Born February 23, 1965 in Houston, Texas, Michael Dell helped launch the personal computer revolution in the 1980s with the creation of Dell Computer, which began in the founder’s dorm room at the University of Texas and quickly blossomed into a megawatt computer company. By 1992, just eight years after Dell was founded, Michael Dell was the youngest CEO of a Fortune 500 company.
Dell’s success wasn’t entirely surprising. While his mother, a stockbroker, and his father, an orthodontist, pushed their son to consider medicine, Dell showed an early interest in technology and business.
A hard worker, Dell landed a job washing dishes at a Chinese restaurant at the age 12 so that he could put away money for his stamp collection. A few years later he harnassed his ability to sift through data to find new customers for newspaper subscriptions for the Houston Post, which earned the high school student $18,000 in one single year.
Intrigued by the expanding world of computers and gadgetry, Dell purchased an early Apple computer at the age of 15 for the strict purpose of taking it apart to see how it worked.
It was in college that Dell found the niche that would become his boom. The PC world was still young and Dell realized that no company had tried selling directly to customers. Bypassing the middleman and the markups, Dell tapped his savings account for $1,000 and started building and selling computers for people he knew at college. His emphasis, however, wasn’t just on good machines, but strong customer support and cheaper prices. Soon, he had accounts outside of school and it wasn’t long before Dell dropped out and focused all his efforts on his business.

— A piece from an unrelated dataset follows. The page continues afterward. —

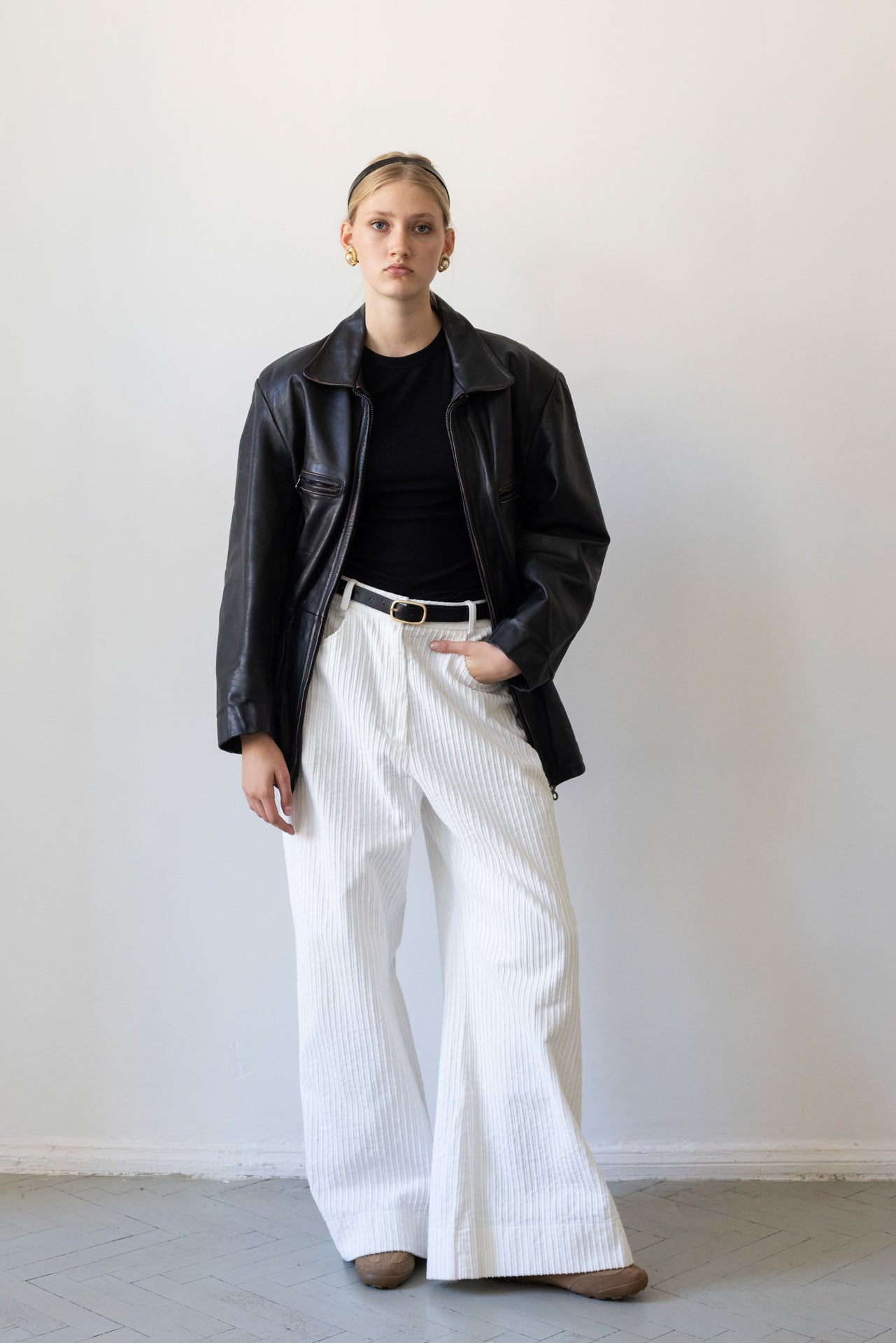 Vintage Faded Seam Black Leather Jacket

The numbers proved staggering. In 1984, Dell’s first full year in business, he had $6 million in sales. By 2000, Dell was a billionaire and his company had offices in 34 countries and employee count of more than 35,000. The following year, Dell Computer surpassed Compaq Computer as the world’s largest PC maker.
Overall, Dell’s first 20 years proved to be one of the most successful businesses on the planet, surprising such titans as Wal-Mart and General Electric. Dell’s story is so compelling that in 1999 he published a bestselling book about his success, Direct from Dell: Strategies That Revolutionized the Industry.
Intensely private and notoriously shy, Dell has come out of his shell over the years, say those who know him, thanks to his wife Susan, a Dallas native whom he married in 1989. The couple has four children.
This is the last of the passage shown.